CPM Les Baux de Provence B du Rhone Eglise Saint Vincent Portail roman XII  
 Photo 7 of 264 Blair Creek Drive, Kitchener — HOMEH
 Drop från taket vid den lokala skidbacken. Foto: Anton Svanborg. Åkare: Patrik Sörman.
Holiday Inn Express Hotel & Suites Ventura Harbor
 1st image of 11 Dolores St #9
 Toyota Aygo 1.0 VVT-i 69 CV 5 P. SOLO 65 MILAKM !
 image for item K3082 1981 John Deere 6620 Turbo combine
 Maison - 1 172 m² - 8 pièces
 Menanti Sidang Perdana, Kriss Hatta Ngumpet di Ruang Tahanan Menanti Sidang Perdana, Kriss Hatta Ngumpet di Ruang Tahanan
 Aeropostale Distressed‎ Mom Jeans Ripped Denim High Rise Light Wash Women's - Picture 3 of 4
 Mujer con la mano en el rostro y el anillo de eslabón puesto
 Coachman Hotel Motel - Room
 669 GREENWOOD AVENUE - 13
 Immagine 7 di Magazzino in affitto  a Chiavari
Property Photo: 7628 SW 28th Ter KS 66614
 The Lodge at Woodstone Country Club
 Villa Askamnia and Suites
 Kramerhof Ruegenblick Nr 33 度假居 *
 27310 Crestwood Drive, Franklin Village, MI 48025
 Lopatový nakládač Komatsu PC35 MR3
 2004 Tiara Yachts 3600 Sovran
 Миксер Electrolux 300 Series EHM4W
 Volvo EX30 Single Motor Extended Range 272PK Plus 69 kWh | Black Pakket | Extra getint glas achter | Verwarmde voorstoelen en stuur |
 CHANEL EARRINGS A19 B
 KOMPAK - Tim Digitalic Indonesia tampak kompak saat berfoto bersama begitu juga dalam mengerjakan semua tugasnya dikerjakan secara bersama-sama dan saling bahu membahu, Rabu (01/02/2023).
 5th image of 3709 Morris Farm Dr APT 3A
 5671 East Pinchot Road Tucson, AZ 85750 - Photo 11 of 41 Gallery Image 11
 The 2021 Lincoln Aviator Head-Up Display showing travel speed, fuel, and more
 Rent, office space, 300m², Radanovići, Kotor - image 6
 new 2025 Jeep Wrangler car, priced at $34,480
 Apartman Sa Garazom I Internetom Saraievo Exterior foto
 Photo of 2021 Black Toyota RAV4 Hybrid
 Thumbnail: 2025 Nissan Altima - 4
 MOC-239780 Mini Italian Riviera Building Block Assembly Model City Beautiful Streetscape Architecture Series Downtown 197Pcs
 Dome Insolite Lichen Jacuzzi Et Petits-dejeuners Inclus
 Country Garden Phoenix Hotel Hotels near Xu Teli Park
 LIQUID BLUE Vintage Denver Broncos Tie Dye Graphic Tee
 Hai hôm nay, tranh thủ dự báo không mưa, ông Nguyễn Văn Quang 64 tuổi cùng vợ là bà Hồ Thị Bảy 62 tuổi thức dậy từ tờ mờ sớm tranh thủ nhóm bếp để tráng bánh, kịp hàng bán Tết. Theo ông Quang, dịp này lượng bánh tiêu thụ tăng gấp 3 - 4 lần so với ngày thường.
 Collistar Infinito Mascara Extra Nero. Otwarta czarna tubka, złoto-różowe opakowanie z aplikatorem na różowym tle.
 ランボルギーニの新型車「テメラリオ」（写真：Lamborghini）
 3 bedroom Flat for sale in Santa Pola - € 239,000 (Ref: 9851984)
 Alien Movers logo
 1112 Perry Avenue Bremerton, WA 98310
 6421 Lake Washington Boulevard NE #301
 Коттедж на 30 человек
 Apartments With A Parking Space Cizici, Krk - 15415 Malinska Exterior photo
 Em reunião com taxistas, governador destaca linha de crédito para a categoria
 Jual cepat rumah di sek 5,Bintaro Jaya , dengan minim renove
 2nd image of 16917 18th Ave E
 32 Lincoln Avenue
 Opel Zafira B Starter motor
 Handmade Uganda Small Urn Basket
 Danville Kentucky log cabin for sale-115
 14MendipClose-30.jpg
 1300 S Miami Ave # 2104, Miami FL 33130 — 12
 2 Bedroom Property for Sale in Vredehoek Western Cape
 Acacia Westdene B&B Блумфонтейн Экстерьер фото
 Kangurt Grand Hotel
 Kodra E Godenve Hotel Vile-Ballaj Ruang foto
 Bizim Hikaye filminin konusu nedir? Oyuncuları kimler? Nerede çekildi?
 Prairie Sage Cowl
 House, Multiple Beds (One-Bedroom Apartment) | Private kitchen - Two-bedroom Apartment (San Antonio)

Requirement → When you reach the line that contains "KOMPAK - Tim", stop; output it and every line before it from the start of the data, exactly as written.

Finished exercise →
CPM Les Baux de Provence B du Rhone Eglise Saint Vincent Portail roman XII  
 Photo 7 of 264 Blair Creek Drive, Kitchener — HOMEH
 Drop från taket vid den lokala skidbacken. Foto: Anton Svanborg. Åkare: Patrik Sörman.
Holiday Inn Express Hotel & Suites Ventura Harbor
 1st image of 11 Dolores St #9
 Toyota Aygo 1.0 VVT-i 69 CV 5 P. SOLO 65 MILAKM !
 image for item K3082 1981 John Deere 6620 Turbo combine
 Maison - 1 172 m² - 8 pièces
 Menanti Sidang Perdana, Kriss Hatta Ngumpet di Ruang Tahanan Menanti Sidang Perdana, Kriss Hatta Ngumpet di Ruang Tahanan
 Aeropostale Distressed‎ Mom Jeans Ripped Denim High Rise Light Wash Women's - Picture 3 of 4
 Mujer con la mano en el rostro y el anillo de eslabón puesto
 Coachman Hotel Motel - Room
 669 GREENWOOD AVENUE - 13
 Immagine 7 di Magazzino in affitto  a Chiavari
Property Photo: 7628 SW 28th Ter KS 66614
 The Lodge at Woodstone Country Club
 Villa Askamnia and Suites
 Kramerhof Ruegenblick Nr 33 度假居 *
 27310 Crestwood Drive, Franklin Village, MI 48025
 Lopatový nakládač Komatsu PC35 MR3
 2004 Tiara Yachts 3600 Sovran
 Миксер Electrolux 300 Series EHM4W
 Volvo EX30 Single Motor Extended Range 272PK Plus 69 kWh | Black Pakket | Extra getint glas achter | Verwarmde voorstoelen en stuur |
 CHANEL EARRINGS A19 B
 KOMPAK - Tim Digitalic Indonesia tampak kompak saat berfoto bersama begitu juga dalam mengerjakan semua tugasnya dikerjakan secara bersama-sama dan saling bahu membahu, Rabu (01/02/2023).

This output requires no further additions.